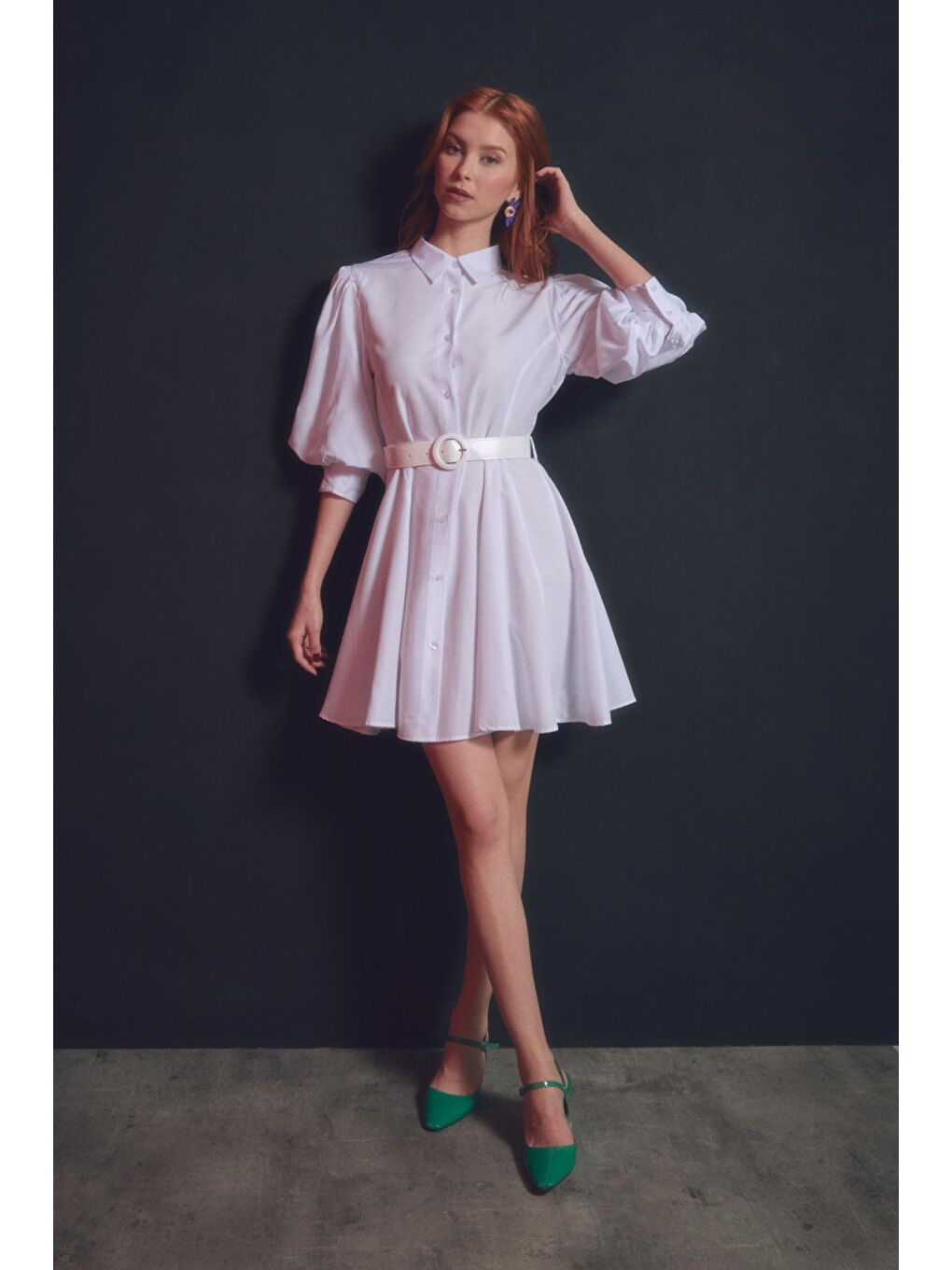 Beyaz Boydan Düğmeli Kemerli Balon Kol Elbise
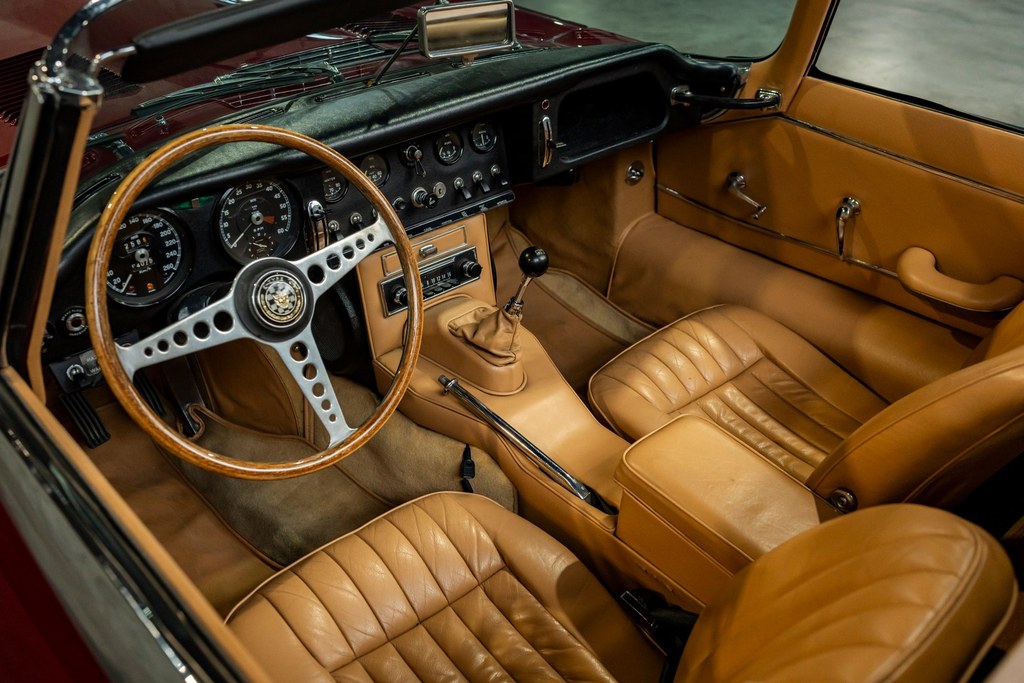 1967-Jaguar-EType-SerieI-4.2-OTS-for-sale-DriveCity-Sales-72dpi-26
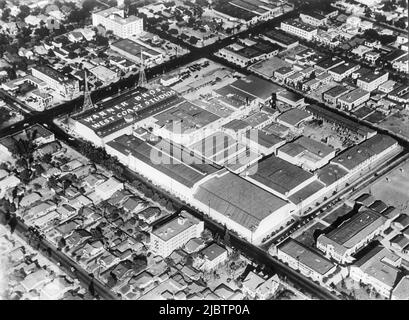 WARNER BROS. WEST COAST STUDIOS aerial view in early 1934 Stock Photo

■ ■ ■ ■ ■ ■ ■

Exercise prompt =>
Could you write out every line above exactly as it stands, with no images?

Solution to this exercise =>
 Beyaz Boydan Düğmeli Kemerli Balon Kol Elbise
 1967-Jaguar-EType-SerieI-4.2-OTS-for-sale-DriveCity-Sales-72dpi-26
 WARNER BROS. WEST COAST STUDIOS aerial view in early 1934 Stock Photo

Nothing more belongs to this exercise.